Saturday, January 2, 2016

Indecisive

21 Days of Prayer and Fasting starts at our church tomorrow. It's my opportunity to grow closer in my relationship with God, think of others more than myself, display the fruits of the Holy Spirit, this is a great opportunity..and I still can't figure out what I am going to fast from...The die hards (more disciplined, more self-controlled, more heavenly minded than me, obviously) will actually go 21 Days fasting from food. I would probably resemble King Kong or a corpse if I tried that, so I am stuck, what means a lot to me that would be hard to go without?
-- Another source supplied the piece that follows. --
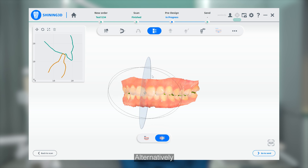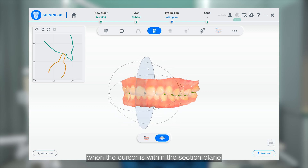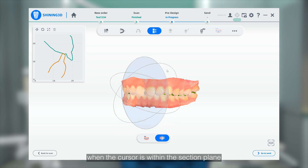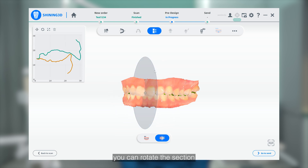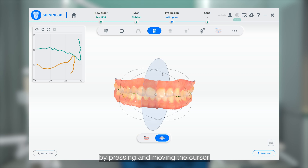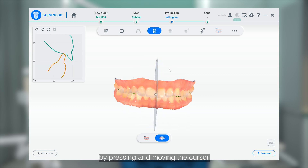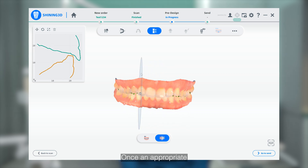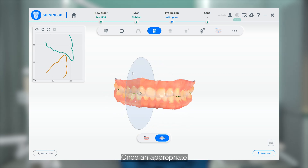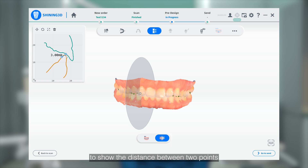Alternatively, when the cursor is within the section plane, you can rotate the section by pressing and moving the cursor. Once the appropriate section plane is captured, you can click on points in the 2D view to show the distance between two points, facilitating the observation of the occlusion situation.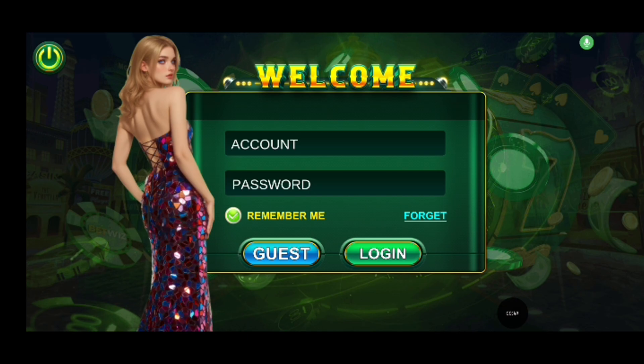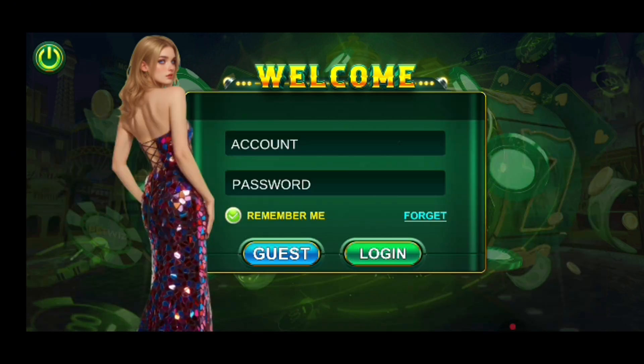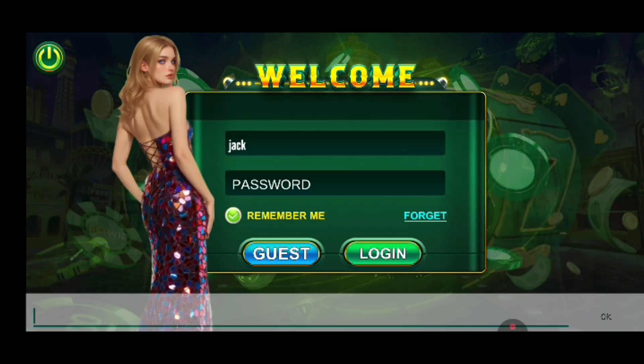After the game has been loaded, click on the account field to type in your username. Then type in your password in the password field.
Nothing. I got nothing. I thought about chocolate...I like chocolate but I am not that attached to it...OH NO...I just realized what it is that I am really really attached to....Mighty Leaf tea. Oh. My stars. There is something...do I feel God calling me to do without it for the next 21 days? Nope. Phew!

Okay, what is there in my life that will help me to focus more on prayer? Hmmm. I got nothing.
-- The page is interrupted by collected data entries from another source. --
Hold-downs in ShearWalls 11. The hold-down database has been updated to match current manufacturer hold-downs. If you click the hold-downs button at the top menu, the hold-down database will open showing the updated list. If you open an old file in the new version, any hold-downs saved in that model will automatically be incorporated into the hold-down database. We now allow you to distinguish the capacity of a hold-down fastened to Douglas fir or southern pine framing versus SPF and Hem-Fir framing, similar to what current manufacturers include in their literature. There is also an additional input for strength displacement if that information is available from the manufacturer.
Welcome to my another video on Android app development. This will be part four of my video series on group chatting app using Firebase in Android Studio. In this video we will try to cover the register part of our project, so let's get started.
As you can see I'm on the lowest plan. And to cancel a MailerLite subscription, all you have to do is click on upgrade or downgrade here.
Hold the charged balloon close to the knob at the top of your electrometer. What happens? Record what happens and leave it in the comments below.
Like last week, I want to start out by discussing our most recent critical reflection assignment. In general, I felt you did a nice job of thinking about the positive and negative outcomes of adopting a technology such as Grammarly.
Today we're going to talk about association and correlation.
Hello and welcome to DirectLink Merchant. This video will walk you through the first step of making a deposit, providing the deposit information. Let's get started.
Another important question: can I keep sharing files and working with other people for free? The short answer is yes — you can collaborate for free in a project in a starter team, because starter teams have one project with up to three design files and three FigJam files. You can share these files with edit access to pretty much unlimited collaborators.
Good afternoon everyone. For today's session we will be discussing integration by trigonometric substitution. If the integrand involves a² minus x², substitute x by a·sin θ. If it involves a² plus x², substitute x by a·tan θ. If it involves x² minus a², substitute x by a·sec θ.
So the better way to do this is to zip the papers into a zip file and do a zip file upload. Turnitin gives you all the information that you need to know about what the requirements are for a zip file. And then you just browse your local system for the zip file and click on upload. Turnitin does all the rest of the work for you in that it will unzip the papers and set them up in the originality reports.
Let's think about this...My mind is a blank. Maybe if I pray about it some more. God, what do you want me to give up to focus on my relationship with you? And please, please, don't make it my tea...I'm afraid I won't obey and that would mess the whole purpose of love, discipline, and obedience.

Let's start with prayer, Heavenly Father, please forgive me for being so shallow that I am struck dumb at the idea of finding something to fast...Please inspire me by morning...and Lord, please, please, please. not my tea.